I've never cared for small talk.
Small talk in the dentist's chair is even worse.
"So where do you work?"
"Where do you live?"
"Do you have kids?"
Meanwhile, I'm thinking the answers and then spitting them out in between suctions. Lovely conversational flow.
Through the broken small talk I manage to answer that I have a four year-old son and then the inevitable next question comes...the one I never quite know how to answer correctly:
"So, any plans for a second kid?"
I think to myself "Yes, there were plans and there was another child but he didn't arrive. And, yes, I still want another, but I'm scared."
I know this is NOT the answer she (or anyone else who asks in small talk conversation) is looking for. I know it would be too much and so I usually push the real answer away and, for the sake of keeping conversation going, just say what's easier: "oh yea, sure, probably one day here soon."

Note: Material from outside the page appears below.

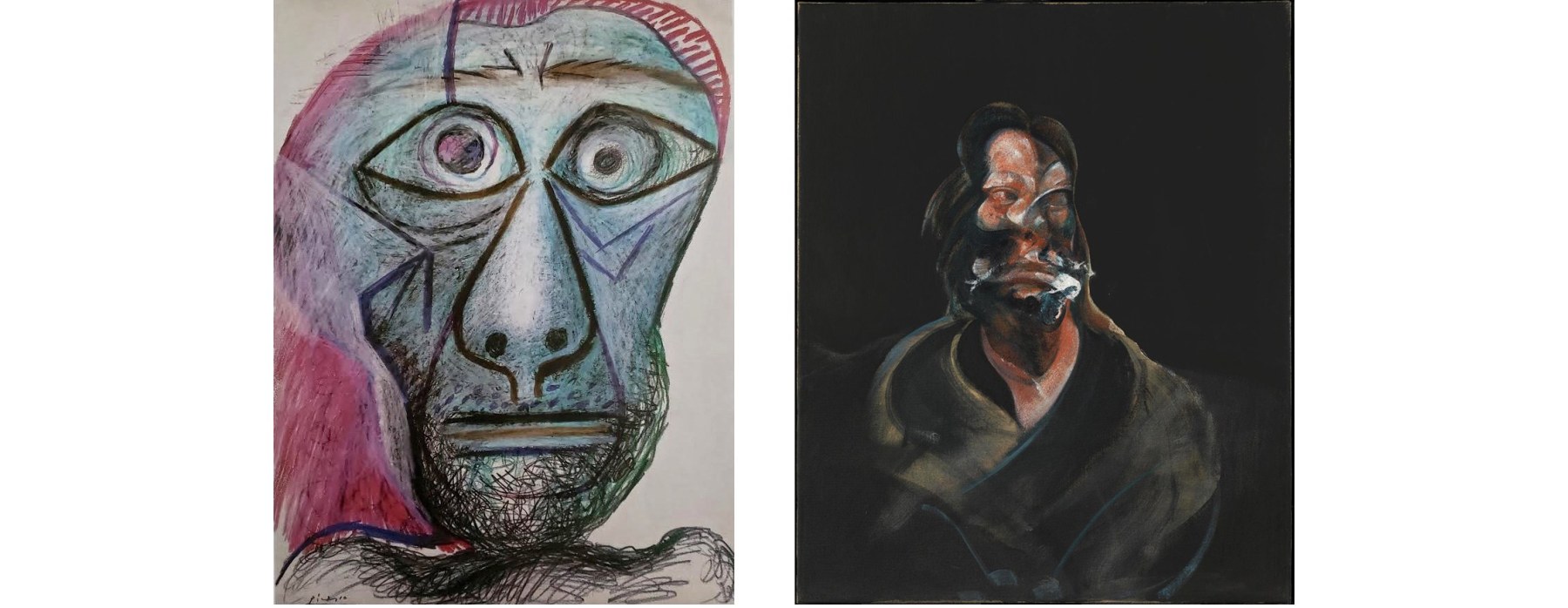 Left: Pablo Picasso, Self Portrait Facing Death, 1972, pencil and crayon on paper, 26 x 20 inches (65.7 x 50.5 cm)
Right:&amp;nbsp;Francis Bacon, Portrait of Isabel Rawsthorne, 1966, oil paint on canvas, 33 x 27 inches (83.82 x 68.58 cm), &amp;copy; Estate of Francis Bacon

But I hesitate this time giving the canned response because even just thinking it brings up that familiar pang of guilt: I've glossed over my experience with my unborn (but not non-existent) second son as if he didn't matter--exactly what I feared would happen when we first learned we had lost him.
Maybe I had too much time to think in between suctions on this one or maybe I was just tired of trite conversation, but I decided to respond differently this time--to risk her possibly feeling uncomfortable in order to honor him and my own feelings. "We did want another and were expecting him this past February but we learned that we lost him early in the second trimester."
She didn't stiffen or stumble on her words; instead she stopped what she was doing, pulled her mask down, and leaned in close. She whispered, "I'm so sorry, I know that feeling, I had the same experience in between my two children. I'm so glad you said something because no one ever wants to talk about it." And that's when the REAL conversation began. The energy between us became completely different, we talked like two girlfriends at a slumber party: wide-eyed and leaned in close and finishing each other's sentences. Not because we're excited about what happened but because we found someone who could not only relate but was willing to talk about it.
When I headed out to leave we smiled and nodded to each other. We were no longer strangers but connected in some unspoken way.
The point is this: had I passed on TRUTH in favor of small talk and surface-level conversation, we could've talked for twenty minutes yet still left strangers. It makes me wonder if this is part of why so many of us feel disconnected from each other. It makes me wonder what would happen if we all traded small talk for being a little more real and vulnerable with each other. We'd probably find we have a lot more in common than we think.